In closing, it's absolutely impossible to visit Miami these days without feeling that this revolution soon will sweep away our hemisphere's last dictator, Fidel Castro. Already, a savvy team of experts from the Greater Miami Chamber of Commerce has prepared a detailed report on the economic opportunities that will emerge along with freedom in Cuba. Trade and investment will offer new hope to the Cuban people who have suffered enough despotism and deprivation.

Remember how we used to dream about a free Cuba and a prosperous, free hemisphere? Well, it's no longer a fantasy. It's inevitable in my view. Soon our new world, our hemisphere of the Americas, will be a community where liberty, peace, and prosperity know no frontiers.
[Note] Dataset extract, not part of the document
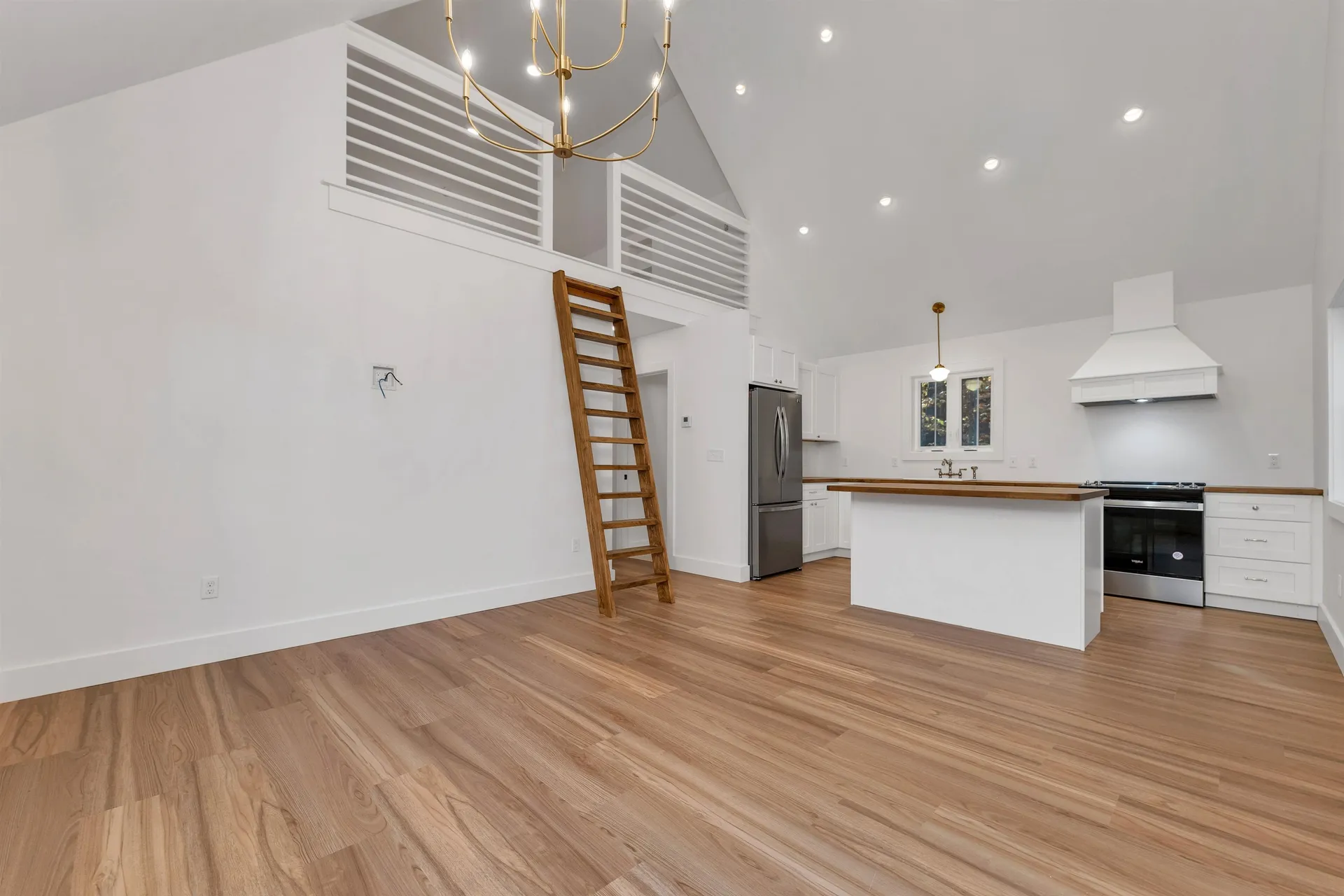 13 Ethan Allen Road Tuftonboro NH 03816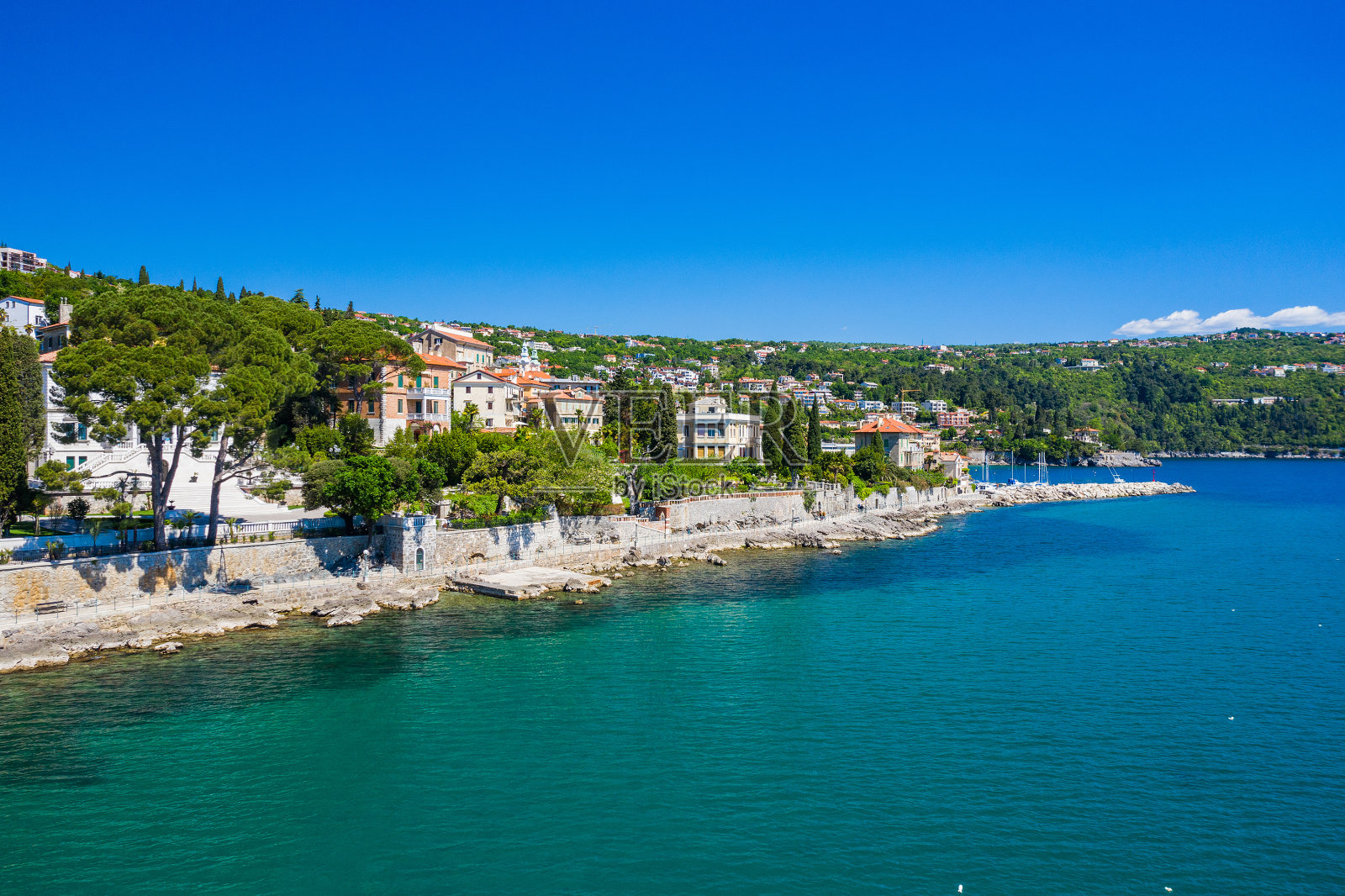 克罗地亚亚得里亚海沿岸的奥帕提亚里维埃拉照片摄影图片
And Miami will flourish, you can see it clearly, as its hub and as its beacon.

Some have suggested to me that now is the time, given the enormous changes in Eastern Europe, changes in the Soviet Union, the changes for democracy south of Mexico, that now is the time to alter our policy towards Cuba.

Let me tell you something, I'm not going to change it one single bit. The Cuban people are entitled to have this wave of democracy fulfill their dreams. And we want to be a part of that answer, a part of that new democracy in which many people in this room can have such an active role as we try to bring commerce and prosperity to people that have been deprived too long because they've been the victim of totalitarianism.

It's a great pleasure to be back here in Miami today. As I say, I think of the activity and the energy of Miami's civic business community. You're an example to the rest of the country. And I salute you, I'm grateful to you, and I might just say on a very personal basis, thanks for embracing my son, our daughter-in-law. We've got a granddaughter here, and these Bushes feel that they're an integral part of the love and honor that is Miami. Thank you all very, very much.

Note: The President spoke at 3:33 p.m. at the James L. Knight International Center. In his remarks, he referred to James Batten, chairman and chief executive officer of Knight-Ridder, Newspaper, Inc.; Alvah Chapman, director and chairman of the executive committee of Knight-Ridder; John Anderson, president of the Beacon Council; Burt Landy, chairman of the Beacon Council; John Ellis (Jeb) Bush, the President's son and former chairman of the Beacon Council; Representative Ileana Ros-Lehtinen; State insurance commissioner Tom Gallagher; Marlin Fitzwater, Press Secretary to the President; Secretary of Education Lamar Alexander; Larry Lindsey and Susan Phillips, Presidential nominees to the Federal Reserve Board; Alan Greenspan, Chairman of the Federal Reserve Board; President Mikhail Gorbachev of the Soviet Union; President Carlos Salinas de Gortari of Mexico; President Fidel Castro Ruz of Cuba; and the President's daughter-in-law Columba Garnica Bush and granddaughter Noelle. Following his remarks, the President departed for New Orleans.